By Diane Swintal
The Cooper Tires USF2000 Championship comes down to three drivers, all of whom would be worthy of graduation to the 2023 Indy Pro 2000 Championship Presented by Cooper Tires.
Pabst Racing’s Myles Rowe, Cape Motorsports’ Michael d’Orlando and Pabst Racing’s Jace Denmark all enter the weekend hoping to take home the Road to Indy Presented by Cooper Tires scholarship package valued at $406,925 to assist in their progression.
With a racing-related news cycle that seems to consist mainly of contract disputes, driver dismissals and a “who’s going where” rumor mill in overdrive, the knowledge that one of these young drivers will know exactly what he is doing in 2023 – and that it’s all but paid for – is huge.
Coming into the Portland tripleheader (races one and two on Friday, race three on Saturday), Rowe holds a 23-point lead over d’Orlando and 25 points over Denmark.
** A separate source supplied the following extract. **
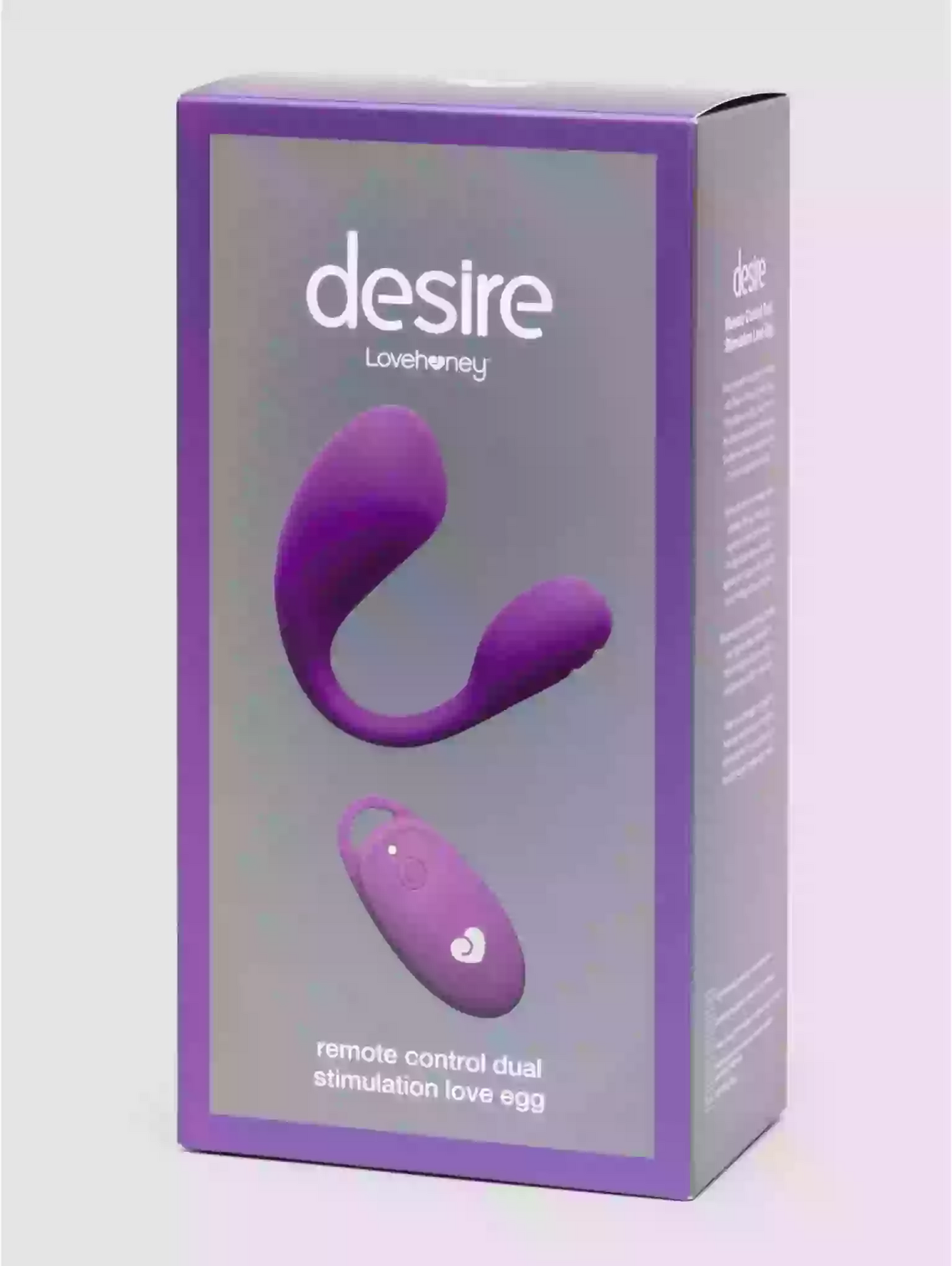 Purple packaging of a remote control dual simulation love egg with 'desire' branding on a light gray background.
Four drivers have held the points lead this season (Rowe, d’Orlando, Denmark and Cape Motorsports’ Jagger Jones) with the lead changing hands a whopping eight times – and from race five to race 11, the lead changed after every race.
Penske Entertainment Corp.’s Race for Equality & Change program opened the door for Rowe last year, but when Augie Pabst gave Rowe a second year in the series in 2022, the 22-year-old New York resident made the most of the opportunity (especially given the timely assist from Roger Penske after a crash in race one at St. Pete threatened the remainder of his season).
If Rowe successfully holds his points lead and takes the championship title, it would provide Pabst Racing its long-awaited first driver’s championship. Pabst Racing has won the team’s championship twice.
The stated purpose of the USF2000 series is to start drivers on their Road to Indy Presented by Cooper Tires journey – a vital training ground, where drivers hone their race craft in front of the NTT INDYCAR SERIES paddock. But on several occasions, this season, Rowe and d’Orlando have shown a propensity for tangling with other drivers – and with each other. In the previous race on the streets of Toronto, d’Orlando attempted a pass on Rowe for second position in turn eight coming to the checkered flag, with d’Orlando on the inside. The pair made contact and finished with d’Orlando fourth and Rowe fifth.
Looming large over the series going into the weekend finale is the realization that this is the final USF2000 race weekend for Cape Motorsports. Pabst Racing would dearly love the chance to take the driver title over their longtime rival, who has 13 driver championships on its resume – including nine of the last 11. With brothers Dominic and Nicholas Cape graduating back up the Road to Indy ladder to Indy Lights in 2023, it is Pabst’s last chance to do so for now.
There is no doubt that it is a significant blow to USF2000 to lose one of its longest-standing and marquee teams (USF2000 has not seen a Cape-less season since 2010) but Pabst Racing and DEForce Racing look to take over as the series’ top teams (the two teams split the season victories to date, aside from the Indy GP sweep by Alex Quinn and VRD). Exclusive Autosport, Jay Howard Driver Development and Turn 3 Motorsport all have drivers in the top 10 in points, and with several USF Juniors teams indicating an interest in joining the formal Road to Indy ladder, the series looks strong going forward.
Driver watch: of course, the champion will not be the only driver graduating from USF2000 to Indy Pro 2000 next year. Funding question marks exist for both Rowe and d’Orlando, should they not win the scholarship. Beyond that, there’s always an intriguing blend of rookie drivers in USF2000 who have to determine whether they continue for a second year in the series, and veterans who have done two or more years and think they’re ready for the next step. Those drivers a little further down the championship order have one more weekend to impress and help determine their future to cap off the 2022 campaign.